Stored entries:
== Segment start ==

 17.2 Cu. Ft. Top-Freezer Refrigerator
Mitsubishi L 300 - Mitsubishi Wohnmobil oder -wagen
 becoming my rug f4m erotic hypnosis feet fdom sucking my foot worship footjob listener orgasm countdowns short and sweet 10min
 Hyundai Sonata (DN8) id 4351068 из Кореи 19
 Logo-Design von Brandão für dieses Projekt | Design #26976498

== Segment end ==
== Segment start ==

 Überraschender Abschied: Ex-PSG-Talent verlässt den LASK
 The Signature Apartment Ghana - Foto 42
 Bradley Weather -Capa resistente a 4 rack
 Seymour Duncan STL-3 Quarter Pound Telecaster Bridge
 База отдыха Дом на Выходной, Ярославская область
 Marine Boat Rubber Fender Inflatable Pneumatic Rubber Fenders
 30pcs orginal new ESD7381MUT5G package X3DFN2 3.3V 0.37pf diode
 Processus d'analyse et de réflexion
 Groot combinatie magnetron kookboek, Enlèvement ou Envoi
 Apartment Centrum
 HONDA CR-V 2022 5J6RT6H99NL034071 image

== Segment end ==
== Segment start ==

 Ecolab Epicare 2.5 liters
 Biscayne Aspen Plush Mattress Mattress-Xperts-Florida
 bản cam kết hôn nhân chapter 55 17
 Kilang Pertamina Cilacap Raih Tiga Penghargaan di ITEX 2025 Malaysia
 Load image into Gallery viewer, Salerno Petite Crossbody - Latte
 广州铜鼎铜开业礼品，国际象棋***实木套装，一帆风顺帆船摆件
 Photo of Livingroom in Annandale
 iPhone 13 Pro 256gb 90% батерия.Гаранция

== Segment end ==

Tally the lines in the records above that contain the word "Apartment". Write the number and nothing else.

Answer box:
2